Inhalation anesthetics (also known as volatile anesthetics) are those that enter the body through inhalation into the lungs. After inhalation of anesthesia are distributed throughout the tissues of the body via the bloodstream. In most cases, the brain is the principle target when inhalation anesthetics are administered.
History of inhalation
Inhaled anesthetics used in the first Islamic kingdom, and consisted of sponges soaked in drug site. Fungus was held in front of an individual who had surgery patients.
The use of inhaled anesthetics and surgical success in the modern world is based on two discoveries: the development of sterile surgical techniques Joseph Lister and the discovery of the anesthetic properties of nitrous oxide.
The first modern inhaled anesthetics were carbon dioxide and nitrous oxide. While carbon dioxide has never really came into regular use as an anesthetic by inhalation, nitrous oxide is widespread, and in fact is still in use today.
The effect of nitrous oxide as an inhaled anesthetic gas was first noticed in public by the British chemist Humphry Davy, who published a paper on the subject in 1800. But it was several decades before the use of nitrous oxide was widespread. One of the first successful applications of gas painful tooth extraction was performed by William Thomas Green Morton, an American dentist, was not recorded until the 1846th
Also during the 1840s, another inhaled anesthetic known as diethyl ether is shown publicly for first time use during a tooth extraction procedure. Chloroform has also been developed in the previous decade, despite the well documented dangers of two chloroform and ether, the two have had a reasonably widespread use in Britain for a while.
Between 1930 and 1940, inhalation anesthetics such as cyclopropane, trichlorethylene, and isopropenyl acrylate was developed. However, the development of halothane in 1951, and the use of this anesthetic in clinical practice, five years after most of the past by inhalation expired.
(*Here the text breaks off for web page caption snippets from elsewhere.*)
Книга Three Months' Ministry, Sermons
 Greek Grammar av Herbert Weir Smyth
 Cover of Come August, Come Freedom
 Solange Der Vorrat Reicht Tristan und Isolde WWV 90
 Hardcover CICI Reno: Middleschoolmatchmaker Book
During the 1960s and 1970s were a small number of new inhalation synthesized. Among them were enflurane, isoflurane, sevoflurane, desflurane and methoxyflurane. With the exception of methoxyflurane, which was withdrawn from the market due to nephrotoxicity, many inhalation developed during this period are still in use today.
Inhaled anesthetics are currently used
The most inhalational anesthetics are used halogen-containing volatile anesthetics have been developed in the years 1960 and 1970. These include isoflurane, sevoflurane, desflurane and enflurane. Halothane, developed in the 1950s, is still in use.
Nitrous oxide, developed over a hundred years ago, is also in regular use as an anesthetic by inhalation. Colloquially known as "laughing gas", the best known medical use in dentistry.
Another type of non-volatile inhalational anesthetics, which may eventually become a more regular use of xenon. Currently, xenon is more expensive to use than other inhalation anesthetics, and this has limited its use a little '. However, xenon is interesting because it is about 50% more effective than nitrous oxide, and because it is a greenhouse gas, is also more environmentally friendly.
Mode of action
Inhaled anesthetics are administered anesthesia machine, which uses the generator for the production of breathing gas to liquid version of the anesthesia. When inhaled, the gas is distributed throughout the body via the bloodstream at a rate that depends on the dose of anesthesia used, and in more detail the factors that depend on the patient receives anesthesia.
Inhalation anesthetics typically operate through two ways: increasing the inhibitory function, or a decrease in excitatory transmission in the nerve endings in the brain. In ideal situations, leading to inhalation anesthesia quickly, and the emergence of the anesthetized state is rapid once the anesthesia stimulus is removed.
The body tries to inhalation anesthetics in two ways: through metabolism, and by exhalation. Inhalation anesthetics ideals are those that are broken only at low levels. The metabolic rate varies considerably among different anesthetics: halothane, for example, is metabolized at a rate of 10% to 20%, whereas enflurane has a metabolic rate about 2.5% and nitrous oxide has a rate of 0%, and is not metabolized at all.
During a surgical procedure that tends to accumulate inhalation in adipose tissue, which means that patients with higher percentages of body fat awakens drugged state more slowly than patients with less body fat .
Possible side effects and toxic effects
Most of the inhalation agents produce a variety of side effects. Some side effects occur in only one or two different anesthetics, while other side effects are common to almost all. Some of the most common side effects include:
Cardiovascular effects include high blood pressure decreased (in all inhalation anesthetics except nitrous oxide and increased heart rate (isoflurane and halothane).
Pulmonary effects include increased respiratory rate. This increase is dose-dependent and is common to all inhalation anesthetics.
Renal and hepatic impairment after administration of all the inhalation anesthetics. Very rare cases (one from 6000 and one in 35,000), necrosis of the liver may be caused by halothane administration. Nephrotoxicity, while the use of methoxyflurane therefore quite common, is sometimes seen after high doses of sevoflurane.